---------- Data listing ----------

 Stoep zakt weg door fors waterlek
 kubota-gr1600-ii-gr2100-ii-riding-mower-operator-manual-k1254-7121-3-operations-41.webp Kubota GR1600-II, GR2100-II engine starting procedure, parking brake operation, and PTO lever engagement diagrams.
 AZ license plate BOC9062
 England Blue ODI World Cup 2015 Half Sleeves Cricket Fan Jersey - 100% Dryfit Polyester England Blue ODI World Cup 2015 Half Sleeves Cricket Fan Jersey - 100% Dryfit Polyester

----------
---------- Data listing ----------

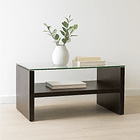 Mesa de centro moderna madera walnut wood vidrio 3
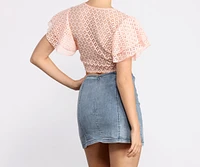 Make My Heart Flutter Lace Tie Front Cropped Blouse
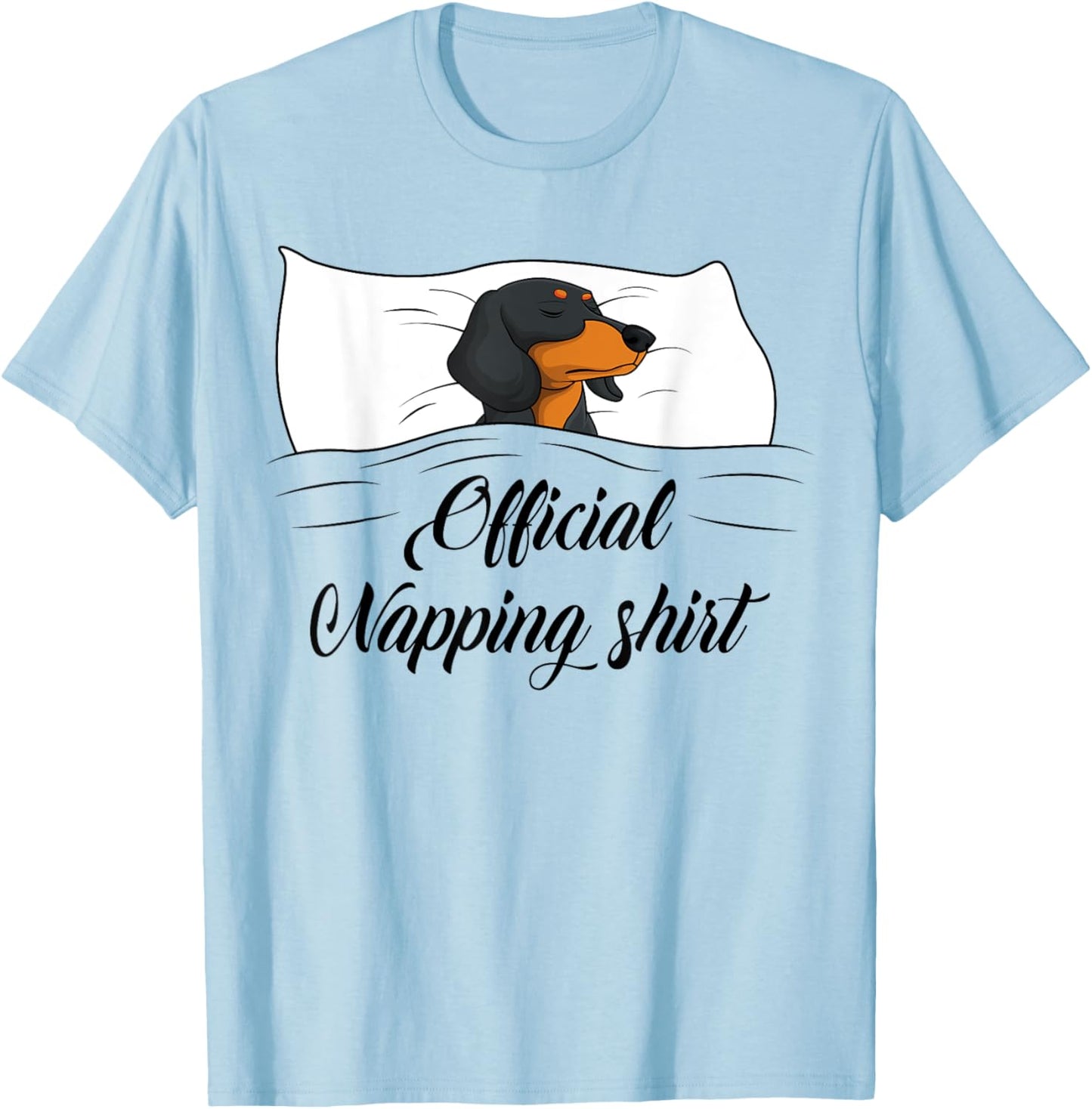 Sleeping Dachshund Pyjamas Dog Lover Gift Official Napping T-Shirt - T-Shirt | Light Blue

----------
---------- Data listing ----------

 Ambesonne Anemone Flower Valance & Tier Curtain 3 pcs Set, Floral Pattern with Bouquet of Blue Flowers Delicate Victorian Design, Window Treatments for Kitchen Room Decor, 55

----------

- **Task instructions**:
Above this instruction are the records; retype exactly the lines from the one containing "lever engagement diagrams." up to and including the one containing "Dryfit Polyester England".

- **Written response**:
 kubota-gr1600-ii-gr2100-ii-riding-mower-operator-manual-k1254-7121-3-operations-41.webp Kubota GR1600-II, GR2100-II engine starting procedure, parking brake operation, and PTO lever engagement diagrams.
 AZ license plate BOC9062
 England Blue ODI World Cup 2015 Half Sleeves Cricket Fan Jersey - 100% Dryfit Polyester England Blue ODI World Cup 2015 Half Sleeves Cricket Fan Jersey - 100% Dryfit Polyester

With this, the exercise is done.